Avant que la porte ne s'ouvre, son père lui tapota affectueusement le dos.

- Ça va bien se passer, d'accord ?

Vincent hocha un peu la tête.

- Tu vas retrouver tes cousins ?

À quoi bon ?
Ils avaient certes les mêmes ancêtres et le même âge, mais ils étaient loin de se ressembler.

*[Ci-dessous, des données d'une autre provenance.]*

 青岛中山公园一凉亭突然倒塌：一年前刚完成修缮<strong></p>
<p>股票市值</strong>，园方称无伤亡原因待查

En tout cas avec eux, Vincent se sentait comme le vilain petit canard.

La porte s'ouvrit sur un de ses oncles qui lui fit la bise.
Oh non... malheur et désespoir, il allait vraiment devoir faire la bise à tout ces gens...?
Pitié, tout mais pas ça !

Personne n'avait vraiment changé depuis l'année dernière... Peut-être que tatie avait pris du poids, ou que tonton avait égaré quelque cheveux, mais les mêmes questions, et mêmes conversations hantaient la table.
Son premier véritable sourire de la soirée arriva quand il aperçut ses grands parents.
Son grand-père le prit dans ses bras, et sa grand-mère lui colla deux énormes bisous sur chaque joues.

- Le petit Vincent a grandi !

Après l'apéritif, où le châtain s'était gavé de chips pour s'occuper, ils passèrent enfin à table. Trois entrées, deux plats, un désert, et beaucoup d'alcool.

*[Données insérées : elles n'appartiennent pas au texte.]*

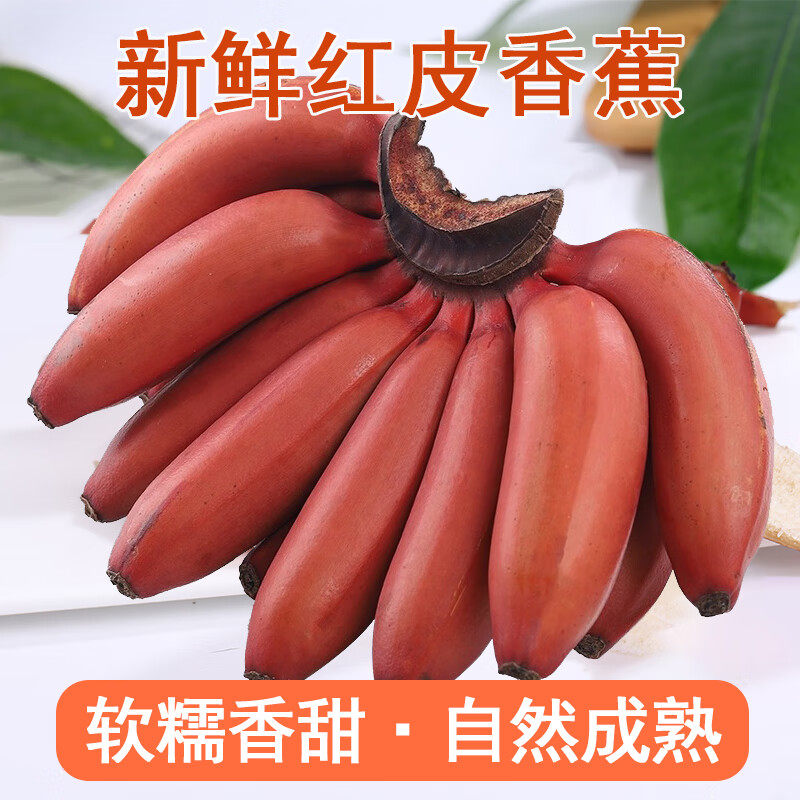 正宗福建红美人香蕉新鲜当季水果特级红皮孕妇食品现发现摘包邮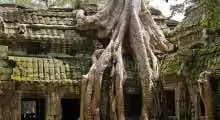 Cambodia Angkor (5)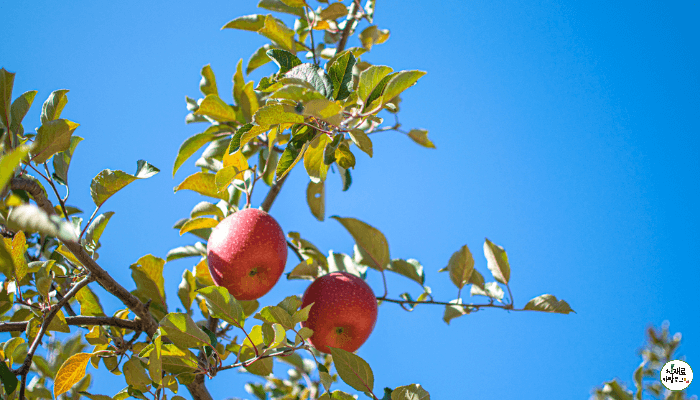 사과나무에 사과 2개가 열린 모습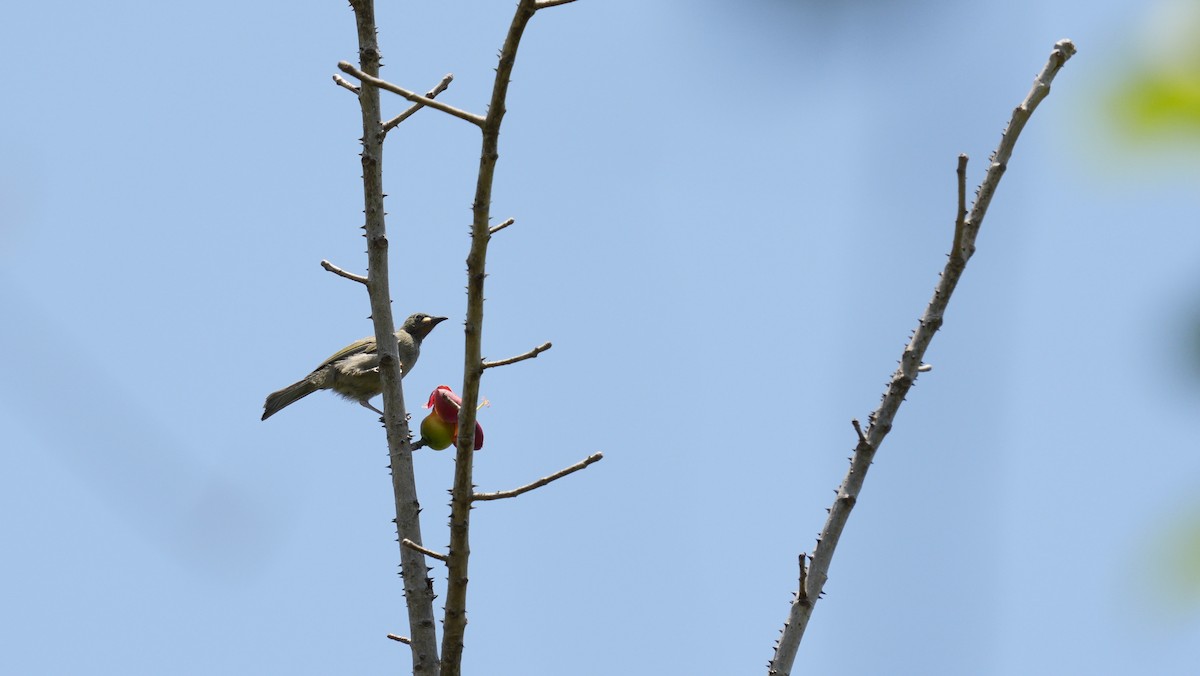 クチシロミツスイ - ML644144891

Alors que sa grand-mère lui priait d'enlever ses chaussures pour venir à table, il sentit les regards insistants de ses tantes, posés sur ses chaussettes.
Il leva la tête vers elles, mais les deux femmes s'empressèrent de se détourner de lui.

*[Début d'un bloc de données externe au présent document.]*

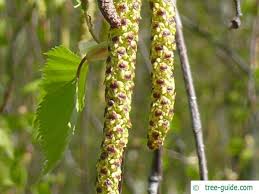Attēlu rezultāti vaicājumam “Betula pendula flower”
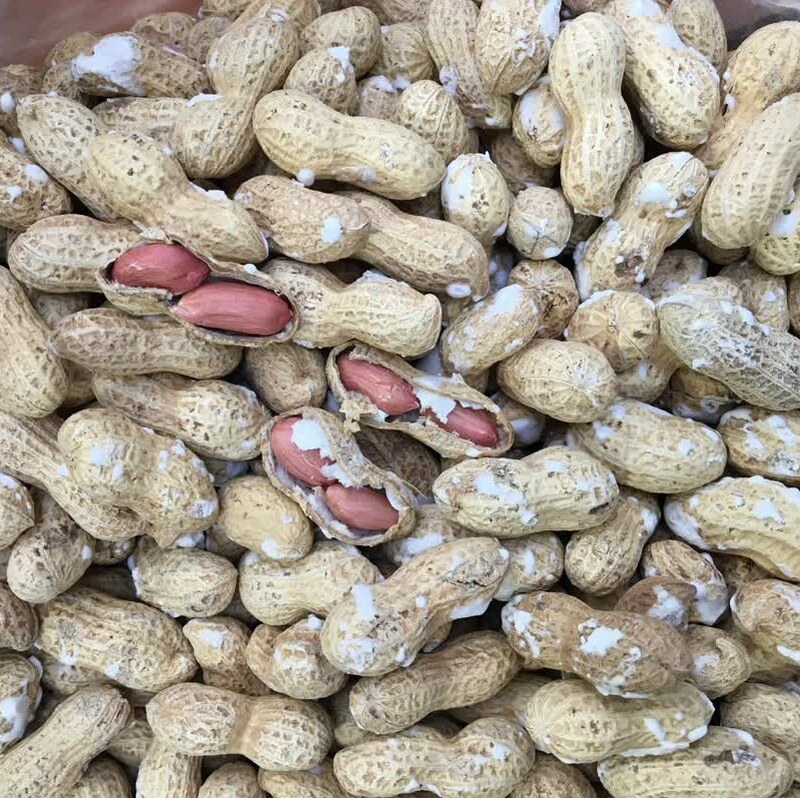بادام زمینی با پوست نمکی استانه 250گرم محصول شهر استانه برداشت شهریور1402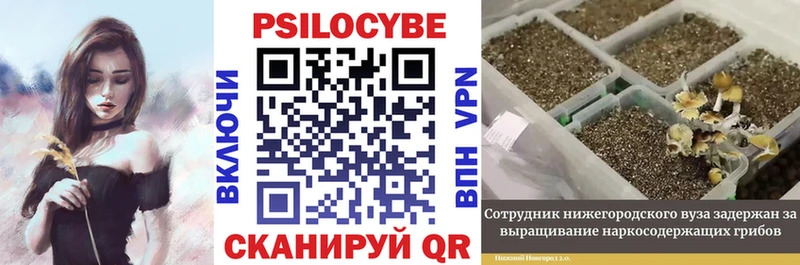 Галлюциногенные грибы прущие грибы  Жуков 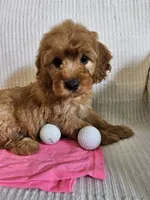 Desi, a female Cockapoo for sale in Fitzgerald, GA – 4 of 7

À table ça parlait cinéma, politique, mais surtout commérage.

- Et vous avez vu le film qui vient de sortir la semaine dernière ?

- Celui dont tout le monde parle ?

- Celui qui est super triste ! Avec l'acteur là !

- Ah mais oui !

- Et vous saviez qu'il était gay ?

- Ah bon ? Je ne pense pas hein... Il a une nana je crois.

Vincent soupira.
Non il ne devait pas intervenir.
Il devait se la fermer.
Prendre part à la discussion n'apporterait que des ennuis.
Pourtant,

« À vrai dire, il est bisexuel. »

Cela jeta un petit blanc autour de la table. Personne n'avait l'habitude que le petit Vincent prenne la parole.

- Ah...

- Il est en couple avec un autre acteur.

Une de ses tantes fit semblant de s'étouffer avec son plat pour faire redémarrer les conversations devant ce silence pesant, mais seul son mari prit la parole.

- Ça me déçoit de lui...

Ça sentait le roussi.

- Pourquoi ?

L'atmosphère s'était tendue en deux paroles.
Comme un match de tennis, la tablée les regardait échanger tour à tour.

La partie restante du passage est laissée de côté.